本文
市指定有形文化財(絵画)
紙本金地著色花鳥図 一帖(伝狩野松栄筆二曲屏風)
金箔地に、右上方で舞う鳳と、左下手に遊ぶ凰が、対角線に極彩色で描かれている。左上方の滝を背景にして、中央へと伸びている枝には、一つ一つ丹念に胡粉を盛り上げた、直径六・五cmの大きな桜花が咲き誇り、渓流の群青が鮮やかに目を奪う。波は力強く描かれて、空間をよくひきしめている。下方には可憐なつつじ、右手はしに桐樹の一部が見えている。
鳳凰は中国において、徳の高い天子が世に出た時、めでたいしるしとして現れる瑞鳥である。古くより吉祥的図として喜ばれ、当時の武将の趣向にも合って、数多く描かれている。想像上の鳥ではあるが、絵の上では、桐と組み合わされるのが常である。
本図は、縦一七二・〇cm、横二三二・〇cmで、「めくり」として見ていたものを屏風に仕立てたものである。
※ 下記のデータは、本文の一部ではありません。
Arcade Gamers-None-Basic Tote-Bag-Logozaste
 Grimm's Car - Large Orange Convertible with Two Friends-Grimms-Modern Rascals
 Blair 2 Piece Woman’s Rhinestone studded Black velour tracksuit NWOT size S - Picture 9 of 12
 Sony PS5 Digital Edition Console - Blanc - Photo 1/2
もとは障屏画として、大画面であったらしく、天地左右ともかなり切りつめたあとがうかがえる。桃山金碧花鳥画の好例といえよう。
同じ市指定有形文化財の「紙本金地著色高士交歓図」と同様に、狩野松栄筆と伝えられ、徳川二代将軍秀忠より宇和島藩祖秀宗が拝領した伏見城の遺物を、後に屏風に改装したものと伝えられる。
伊達家伝による伏見城の遺物、狩野松栄筆ということについては、なお検討を要するが、少なくとも狩野派系の有力画家により、描かれたものであろうと思われる。